Environment
NetIQ Access Manager 3.2
ADFS2 SAML2 Identity Server Server running on Windows 2008 R2
NetIQ Identity Server acting as SAML2 Service Provider
Situation
Access Manager installed and working well - users can access protected resources behind the Access Gateway (AG) after authenticating to the NAM Identity (IDP) Server. Administrator then rolled out a new application, that required users to authenticate to a remote ADFS server on Windows 2008. A SAML2 setup between NAM and ADFS was performed, where ADFS was the SAML2 IDP server. When users accessed the new application, they were redirected to the ADFS server via the NAM IDP server to login, but instead of getting redirected to the AG protected resource, users received the following error on the browser:
IDP response failed to authenticate: NIDPLOGGING.300101008
Resolution
Edit the /opt/novell/nam/idp/webapps/nidp/WEB-INF/classes/nidpconfig.properties file on the NAM IDP server and add
SAML2_AVOID_SPNAMEQUALIFIER=true
Save and restart the IDP server after the change.
Cause
Event log on ADFS server showed the following entry:
Encountered error during federation passive request.
Additional Data
Exception details:
Microsoft.IdentityServer.Protocols.Saml.InvalidNameIdPolicyException: MSIS7012: An error occurred while processing the request. Contact your administrator for details.
at Microsoft.IdentityServer.Web.FederationPassiveAuthentication.RequestBearerToken(HttpSamlRequestMessage httpSamlRequest, SecurityTokenElement onBehalfOf, String& samlpSessionState, String& samlpAuthenticationProvider)
at Microsoft.IdentityServer.Web.FederationPassiveAuthentication.BuildSignInResponseCoreWithSerializedToken(String signOnToken, WSFederationMessage incomingMessage)

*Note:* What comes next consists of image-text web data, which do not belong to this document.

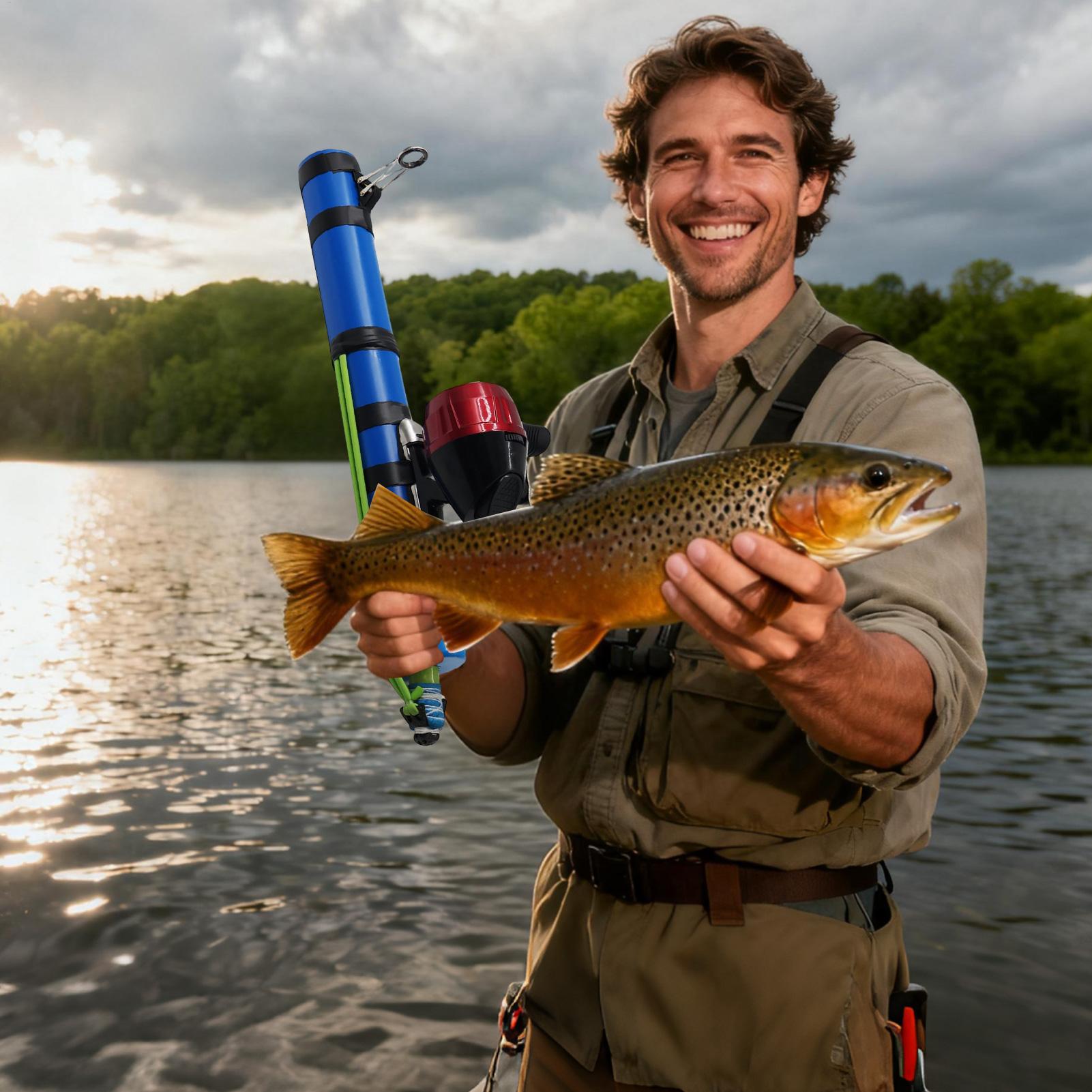 Vara de pesca estilingue desig - Fishing Rod Combo avaliação e preço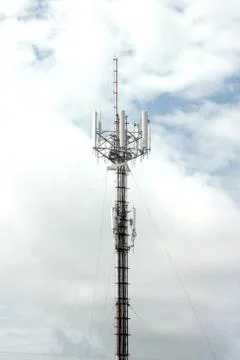 Antenna array telephone. Foto stock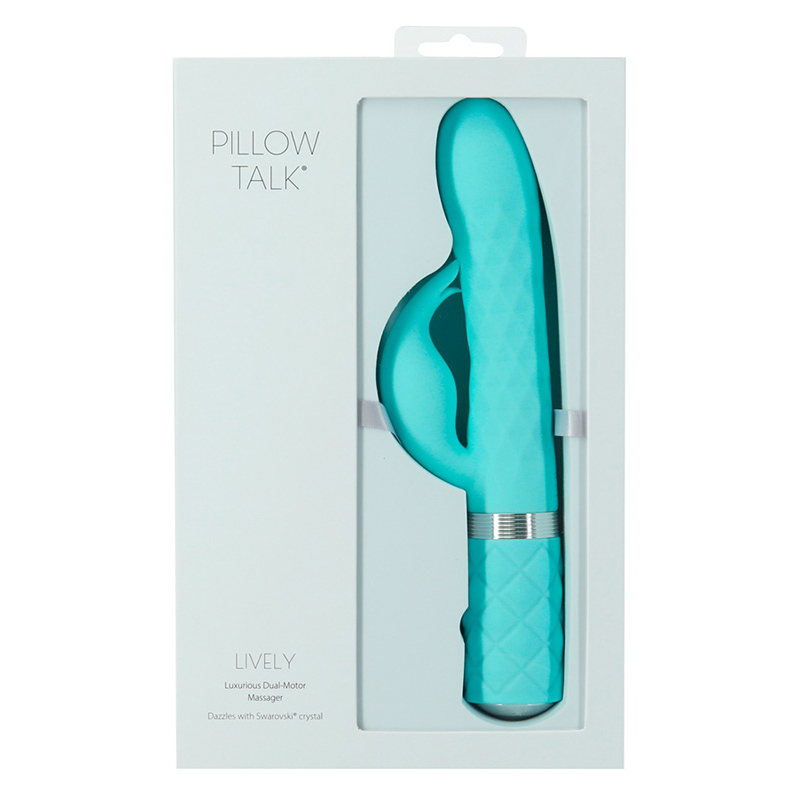 Pillow Talk - Lively Rabbit Vibrator Green - Afbeelding 2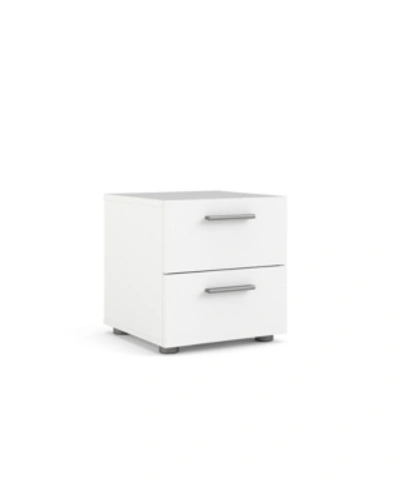 Shop Tvilum Austin 2 Drawer Nightstand In White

at Microsoft.IdentityServer.Web.FederationPassiveAuthentication.BuildSignInResponseCoreWithSecurityToken(SecurityToken securityToken, WSFederationMessage incomingMessage)
at Microsoft.IdentityServer.Web.FederationPassiveAuthentication.BuildSignInResponseForProtocolRequest(FederationPassiveContext federationPassiveContext, SecurityToken securityToken)
at Microsoft.IdentityServer.Web.FederationPassiveAuthentication.BuildSignInResponse(SecurityToken securityToken)
This caused the ADFS server to respond with a status that was not a success, which triggered the generic 300101008 error on NAM (here's snippet of response)
<samlp:Response ID="_76c381a5-234b-4aad-ace4-b653cc15beb4" Version="2.0" IssueInstant="2013-09-06T10:32:06.981Z" Destination="https://nam32phys.lab.no
vell.com:8443/nidp/saml2/spassertion_consumer" Consent="urn:oasis:names:tc:SAML:2.0:consent:unspecified" InResponseTo="idi1WExCbBXnlXH1osFjgQ88E31nE"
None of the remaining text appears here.